◆ **WHAT YOU NEED TO DO**
Below are the records; print them again exactly and omit the pictures.

━━━━━━━━━━

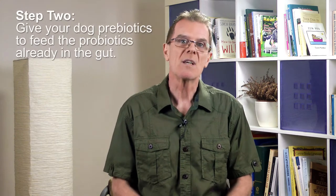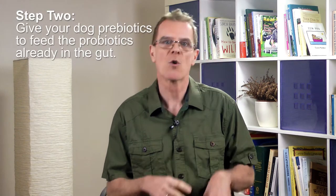Step two is to give your dog prebiotics to feed the probiotics already in the gut and help the gut bacteria produce fatty acids that protect the mucosal cells in the intestinal lining. The probiotic I discussed in step one also contains prebiotics.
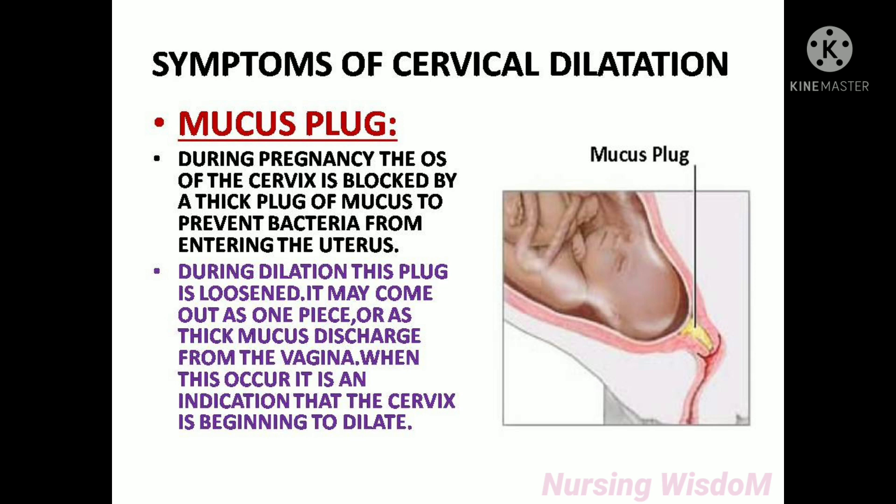Symptoms of cervical dilatation — Mucus plug: During pregnancy, the os of the cervix is blocked by a thick plaque of mucus to prevent bacteria from entering the uterus. During dilatation, this plaque is loosened and may come out as one piece or as thick mucus discharge from the vagina. When this occurs, it is an indication that the cervix is beginning to dilate.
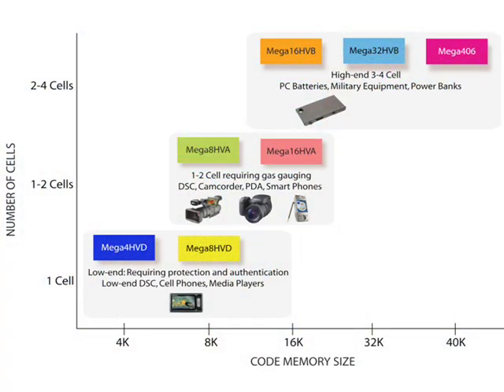The current Atmel smart battery roadmap looks like this. On the top right, you'll find the parts for high-end applications with 3–4 lithium-ion cells requiring gas gauging, like PC batteries. This is where the Mega 406 already exists, and now we have also added the 16K and 32K HVB parts. The mid-range are the Mega 8 HVB and Mega 16 HVB parts for 1–2 cell applications like camcorders, digital still cameras, PDAs, and smartphones, all requiring gas gauging. And to the bottom left are the Mega 4 HVD and Mega 8 HVD, targeted for simpler applications like low-end digital still cameras, cell phones, handheld GPS units, and media players that don't require gas gauging but need battery protection and authentication.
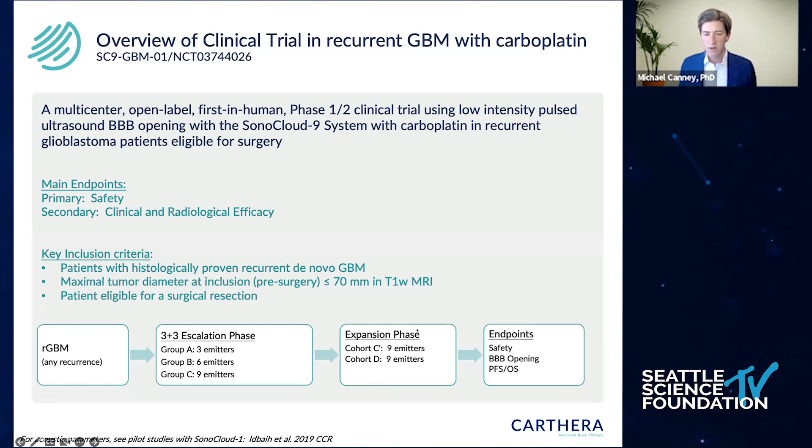We added additional cohorts to optimize when the drug was given relative to the sonication. Initially, we planned to give the drug after sonication — patients got sonication, went to MR to confirm blood-brain barrier disruption, then went to the infusion suite, sometimes an hour to an hour and a half after sonication, for chemotherapy. We then added a cohort where patients actually got chemotherapy just before the sonication, with infusion followed immediately by sonication at the end of that infusion.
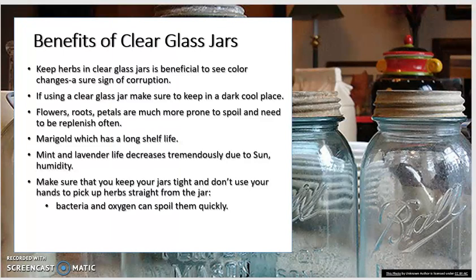Mint and lavender shelf life decreases tremendously due to sun and humidity. In some climates, such as Florida, growing them can be extremely difficult — especially lavender. Make sure that you keep your jars tight, and don't use your hands to pick herbs straight from the jar. Use some kind of spoon or ladle — anything that won't leave bacteria or oxygen behind that can spoil them quickly.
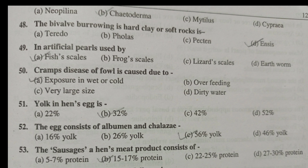In artificial pearls, fish scales are used. Scrams disease of fowl is caused due to exposure in wet or cold conditions. Yolk content in an enhanced egg is 32%. The egg consists of albumin and chalazae — that is 56% yolk. The sauce's enhanced meat product consists of 15–17% protein.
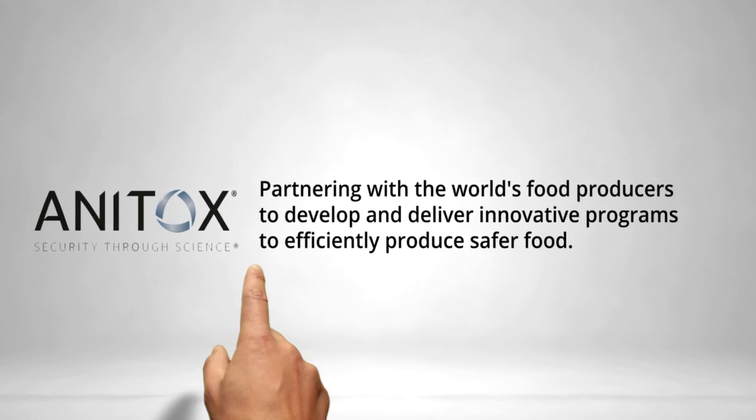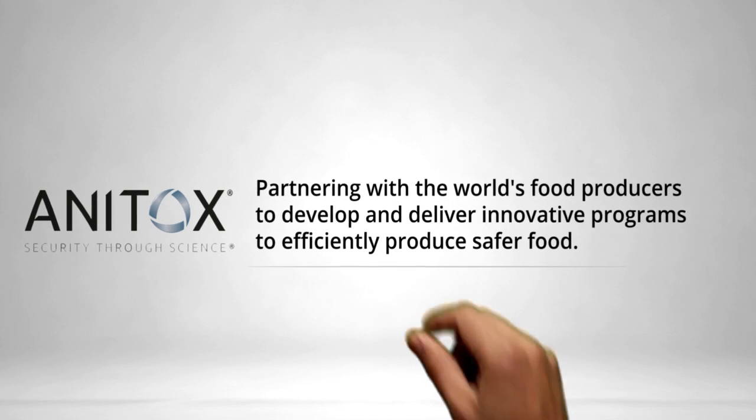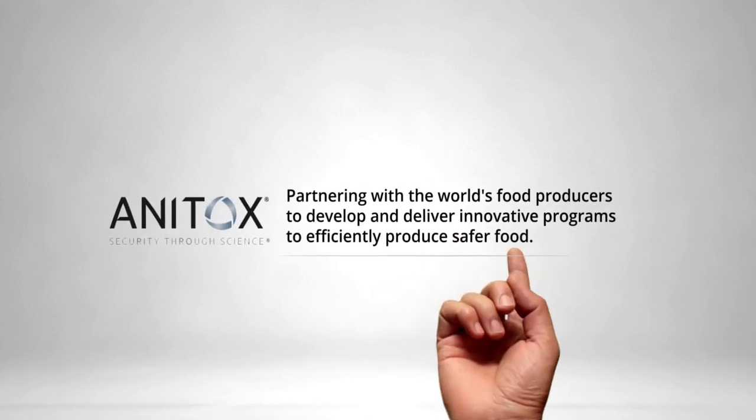Ready for more sustainable poultry production? New data suggests that decreasing bacterial loads in feed using Termin-8 supports gut health, leading to improved performance. Gut health is more than a gut instinct. Learn more today at AnnieTalks.com or visit us at IPPE booth 6033.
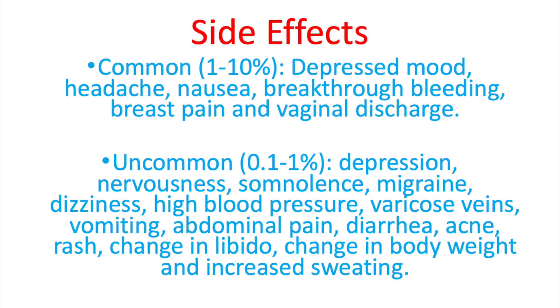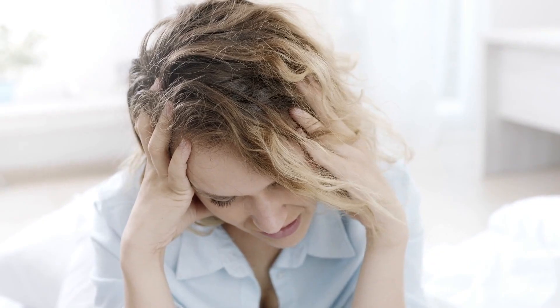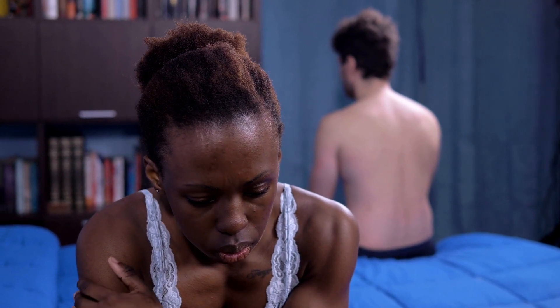Jasmine is a very effective drug, but unfortunately it can have some side effects. Commonly — in 1% to 10% of all patients — you might experience a depressed mood, headache, nausea, breakthrough bleeding, breast pain, or vaginal discharge. Uncommonly, patients might experience depression, nervousness, dizziness, high blood pressure, changes in your libido, and increased sweating. For a complete list of side effects, check your leaflet or ask your prescribing doctor.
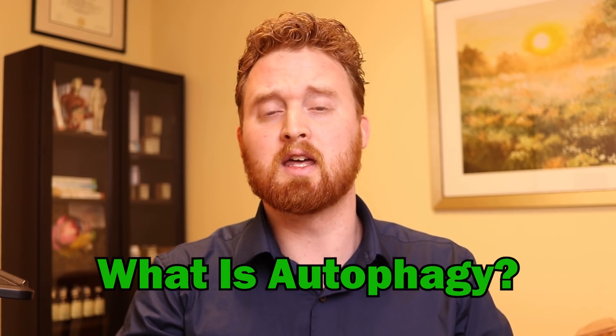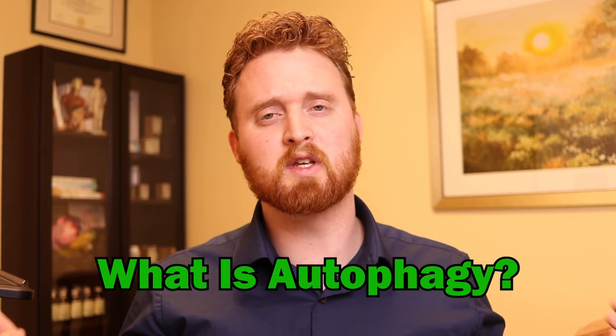If you guys don't know what autophagy is and are new here on this channel and haven't subscribed yet, go ahead and hit that subscribe button so you don't miss any future fasting videos. Autophagy is something that won the Nobel Prize recently. Essentially, it's cells eating old cells, especially when the body is under stress and is nutrient deficient — it starts eating away unnecessary cells and regenerating new cells.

━━━━━━━━━━

◆ **TASK RESULT**
Step two is to give your dog prebiotics to feed the probiotics already in the gut and help the gut bacteria produce fatty acids that protect the mucosal cells in the intestinal lining. The probiotic I discussed in step one also contains prebiotics.
Symptoms of cervical dilatation — Mucus plug: During pregnancy, the os of the cervix is blocked by a thick plaque of mucus to prevent bacteria from entering the uterus. During dilatation, this plaque is loosened and may come out as one piece or as thick mucus discharge from the vagina. When this occurs, it is an indication that the cervix is beginning to dilate.
The current Atmel smart battery roadmap looks like this. On the top right, you'll find the parts for high-end applications with 3–4 lithium-ion cells requiring gas gauging, like PC batteries. This is where the Mega 406 already exists, and now we have also added the 16K and 32K HVB parts. The mid-range are the Mega 8 HVB and Mega 16 HVB parts for 1–2 cell applications like camcorders, digital still cameras, PDAs, and smartphones, all requiring gas gauging. And to the bottom left are the Mega 4 HVD and Mega 8 HVD, targeted for simpler applications like low-end digital still cameras, cell phones, handheld GPS units, and media players that don't require gas gauging but need battery protection and authentication.
We added additional cohorts to optimize when the drug was given relative to the sonication. Initially, we planned to give the drug after sonication — patients got sonication, went to MR to confirm blood-brain barrier disruption, then went to the infusion suite, sometimes an hour to an hour and a half after sonication, for chemotherapy. We then added a cohort where patients actually got chemotherapy just before the sonication, with infusion followed immediately by sonication at the end of that infusion.
Mint and lavender shelf life decreases tremendously due to sun and humidity. In some climates, such as Florida, growing them can be extremely difficult — especially lavender. Make sure that you keep your jars tight, and don't use your hands to pick herbs straight from the jar. Use some kind of spoon or ladle — anything that won't leave bacteria or oxygen behind that can spoil them quickly.
In artificial pearls, fish scales are used. Scrams disease of fowl is caused due to exposure in wet or cold conditions. Yolk content in an enhanced egg is 32%. The egg consists of albumin and chalazae — that is 56% yolk. The sauce's enhanced meat product consists of 15–17% protein.
Ready for more sustainable poultry production? New data suggests that decreasing bacterial loads in feed using Termin-8 supports gut health, leading to improved performance. Gut health is more than a gut instinct. Learn more today at AnnieTalks.com or visit us at IPPE booth 6033.
Jasmine is a very effective drug, but unfortunately it can have some side effects. Commonly — in 1% to 10% of all patients — you might experience a depressed mood, headache, nausea, breakthrough bleeding, breast pain, or vaginal discharge. Uncommonly, patients might experience depression, nervousness, dizziness, high blood pressure, changes in your libido, and increased sweating. For a complete list of side effects, check your leaflet or ask your prescribing doctor.
If you guys don't know what autophagy is and are new here on this channel and haven't subscribed yet, go ahead and hit that subscribe button so you don't miss any future fasting videos. Autophagy is something that won the Nobel Prize recently. Essentially, it's cells eating old cells, especially when the body is under stress and is nutrient deficient — it starts eating away unnecessary cells and regenerating new cells.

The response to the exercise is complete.